One can search in vain for a theme or principle that determines when an individual justice, or the court collectively, will invoke the doctrine of “stare decisis” – the principle of letting prior case law stand even when it is thought to have been wrongly decided. Except, perhaps, for this: Every justice is a human being. They all come to the bench with personal backgrounds and biases. Each justice cares more about some issues than others. When they care more, they will invoke or reject stare decisis to suit their priorities; when they don’t, they will go with the flow and decide a case on its individual merits.
It is well known that the court is divided between conservative and liberal blocs, with the conservatives holding a 5-4 edge. But personal idiosyncrasies blur the edges of those blocs and produce surprising votes. On occasion, those idiosyncrasies sway the outcome of a major case (for example, conservative Chief Justice John Roberts’ swing vote upholding the Affordable Care Act in 2012).
Those idiosyncrasies were on display in Ramos. Gorsuch wrote the majority opinion and his fellow conservative Justice Samuel Alito wrote the dissent. Roberts and liberal Justice Elena Kagan joined Alito. The group voting with Gorsuch to overturn Ramos’ murder conviction in Louisiana, although somewhat divergent in their reasoning, included conservatives Brett Kavanaugh and Clarence Thomas, as well as liberal Justices Ruth Bader Ginsburg, Stephen Breyer and Sonia Sotomayor.
The rule in Oregon, and the recently changed rule in Louisiana, have ugly racist roots. Louisiana began allowing less-than-unanimous convictions during Reconstruction, after the U.S. Senate called for an investigation into whether the state was preventing African Americans from serving on juries. As Gorsuch observed, Louisiana hoped to neutralize black jurors’ influence without drawing national censure. Oregon adopted a similar rule in the 1930s, at a time of rising Ku Klux Klan activities. It was a period when the state was far from the liberal political bastion it has become in our time. The idea in both states was to prevent black jurors or their sympathizers from thwarting a conviction by forcing a hung jury.
Given the Louisiana law’s racist pedigree and the consensus that the 1972 court was wrong, we might have expected a unanimous decision in Ramos. The liberal Kagan’s dissent seems particularly out of character – unless we view it through the prism of Roe. In my view, Kagan sought to maintain a high bar toward reversing precedents to protect Roe’s core holding of a constitutional right by women to access abortions in at least some circumstances. This may also explain why Roberts, who is now the court’s closest thing to a swing voter, would have protected the 1972 precedent.

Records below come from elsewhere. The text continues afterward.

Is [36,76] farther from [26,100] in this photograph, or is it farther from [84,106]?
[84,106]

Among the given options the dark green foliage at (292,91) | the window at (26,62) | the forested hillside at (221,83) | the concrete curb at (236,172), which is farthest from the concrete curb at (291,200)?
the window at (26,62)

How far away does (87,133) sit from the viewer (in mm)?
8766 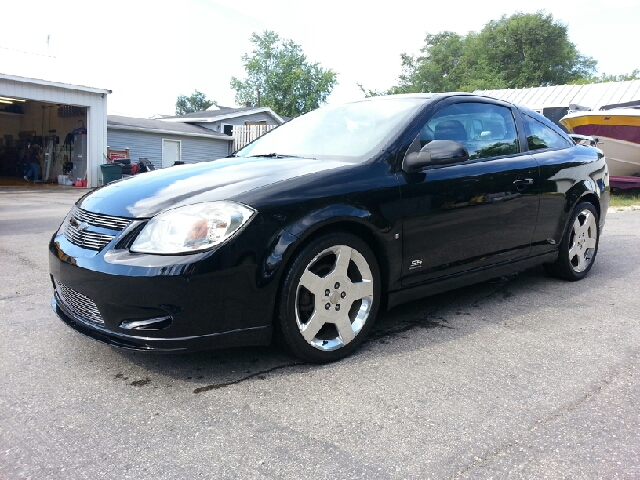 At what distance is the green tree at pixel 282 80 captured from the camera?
58156mm

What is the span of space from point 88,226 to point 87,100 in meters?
17.4

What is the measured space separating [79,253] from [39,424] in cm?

Alito surely approached the issue from a completely different perspective, one that reflects his pre-judicial background as a Justice Department lawyer in the Reagan administration, and later as a prosecutor as U.S. Attorney in New Jersey before joining the 3rd U.S. Circuit Court of Appeals. Alito’s main justification for retaining the Apodaca decision was what he called the “enormous reliance the decision has engendered” among prosecutors and lawmakers in the two affected states.
Two years ago, Alito had no such concern for the enormous reliance that millions of private businesses placed in the court’s 1992 decision in Quill v. North Dakota, which held that states could only impose sales tax collection responsibilities on out-of-state businesses that had a physical presence within their borders. Alito was part of the majority in South Dakota v. Wayfair, which reversed that decision and relieved Congress of the burden of setting a national standard for tax collection.
Kagan joined Alito in that Wayfair majority, in a decision written by former Justice Anthony Kennedy. The rest of the court’s conservatives dissented, along with Ginsburg – in what seemed to be her own marker for a high stare decisis standard in defense of Roe.
This time, in Ramos, the court’s liberals other than Kagan apparently found the rule in question’s racist past (and perhaps today’s disproportionate incarceration rate for racial minorities) compelling enough to abandon stare decisis. It is not particularly surprising that the conservatives who might be inclined to overturn Roe – Justice Clarence Thomas almost certainly, and potentially Gorsuch and Kavanaugh – felt unconstrained by stare decisis to correct Apodaca.
I believe in the general truth of the old adage that where you stand often depends on where you sit. But on the Supreme Court, it may also be driven by where you used to sit. Alito’s resume includes almost no time in his adult life when he worked in the private for-profit sector that the Wayfair decision burdened. But his background made it easy for him to empathize with the prosecutors who played by the then-current rules to win a conviction against Evangelisto Ramos, constitutionally infirm though that conviction might be.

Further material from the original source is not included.